Part of the debate – in the Senedd at 2:45 pm on 19 May 2021.
The results of the review of the regulations we are considering today are that indoor hospitality is able to reopen for groups of six people from up to six households, holiday accommodation can reopen fully, indoor entertainment and visitor attractions can reopen, and up to 30 people can take part in organised activities indoors and up to 50 people in organised outdoor activities, including wedding receptions. International travel has also resumed. We will follow the same red, amber, green traffic lights system in use in England and Scotland, but with some extra safeguards to do all we can to prevent coronavirus from being re-imported into Wales from overseas. And, Llywydd, because something is allowed, it certainly doesn't mean it's compulsory and it doesn't even necessarily mean that it is advisable. I repeat the view of the Welsh Government that this is the year to holiday at home and to enjoy everything that Wales has to offer.

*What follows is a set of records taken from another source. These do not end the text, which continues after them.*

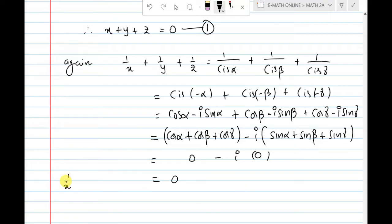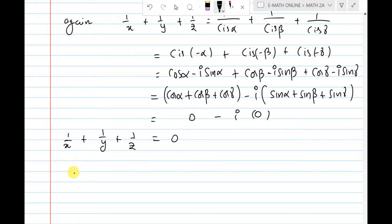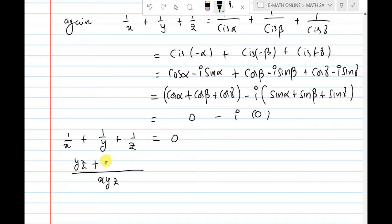Since cis(−θ) equals cos θ minus i sin θ, we get 1/x plus 1/y plus 1/z equals cos α minus i sin α plus cos β minus i sin β plus cos γ minus i sin γ. Grouping: cos α plus cos β plus cos γ minus i times sin α plus sin β plus sin γ, which equals 0 minus i times 0 equals 0. Taking LCM as xyz: yz plus xz plus xy over xyz equals 0. Therefore xy plus yz plus zx equals 0. This is equation number 2.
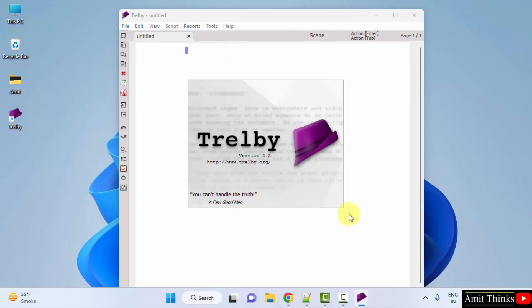You can see we downloaded Trelby version 2.2. So guys, in this video we saw how we can easily download and install Trelby on Windows.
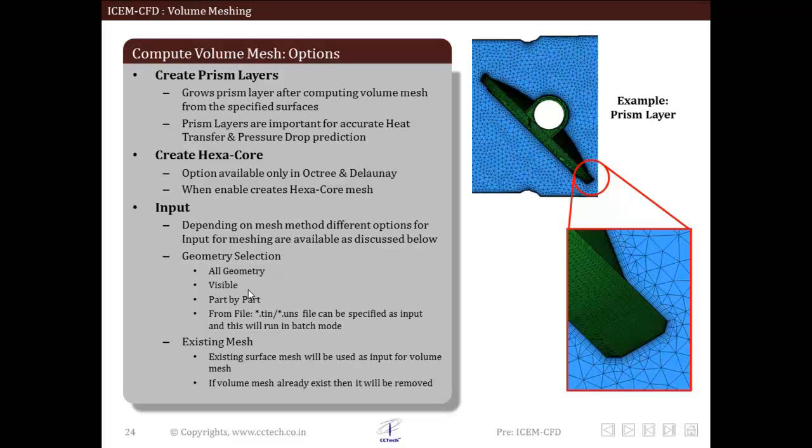Now let us discuss the inputs that are required for the octree method. Combination of geometry and surface mesh can be selected as input for octree method. Options available in geometry selection are all visible, part by part, and from file. From file input option, dot tin file can be selected as geometry input.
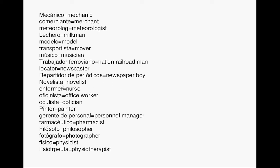Nurse. Enfermera. Office worker. Oficinista. Optician. Oculista. Painter. Pintor. Personal manager. Gerente de personal.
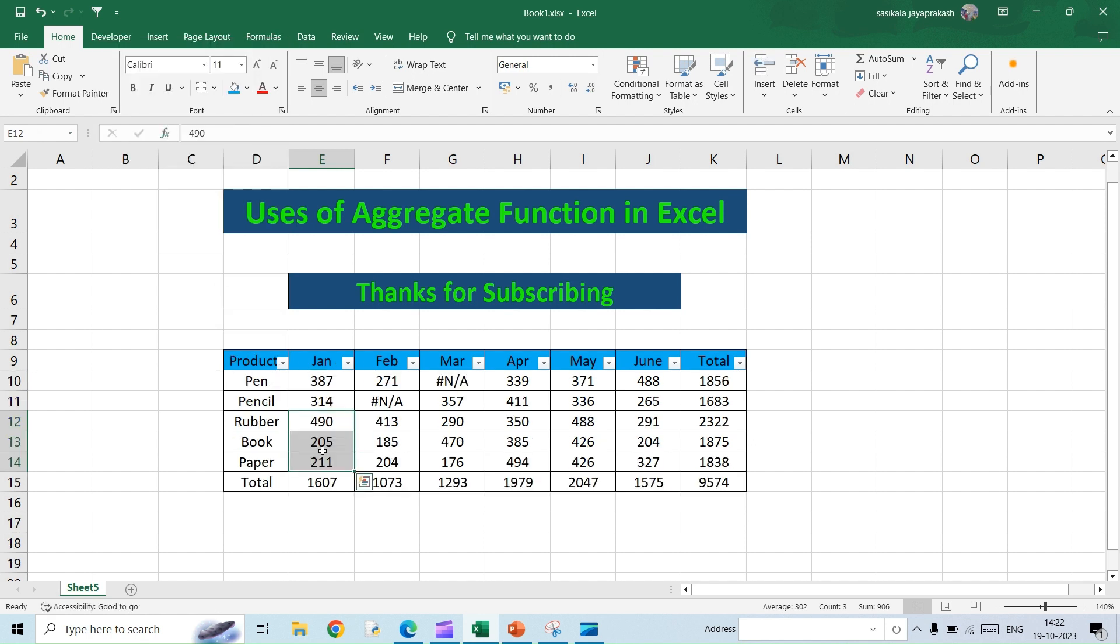So let's remove the filter. If you see, it will come back to its original value. So this is the primary use of aggregate function. There are other uses as well, but this I thought many of us would use and it would be helpful. So please leave your comments if this was helpful for you or not, and if you like this video please hit the like button. Thank you all.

As part of the three-week review, as of Monday of next week, we will also lift restrictions on the overall number of visitors able to visit people living in care homes. That will complete the decisions from this three-week review, and the next three-week review cycle will culminate at the start of June. Then, if the public health position remains positive, we will consider whether we can move to alert level 1. That would mean relaxing the rules further around people meeting in their own homes, increasing the number of people able to attend wedding receptions, and restarting larger events, building on the experience of our pilot programme, which is now under way.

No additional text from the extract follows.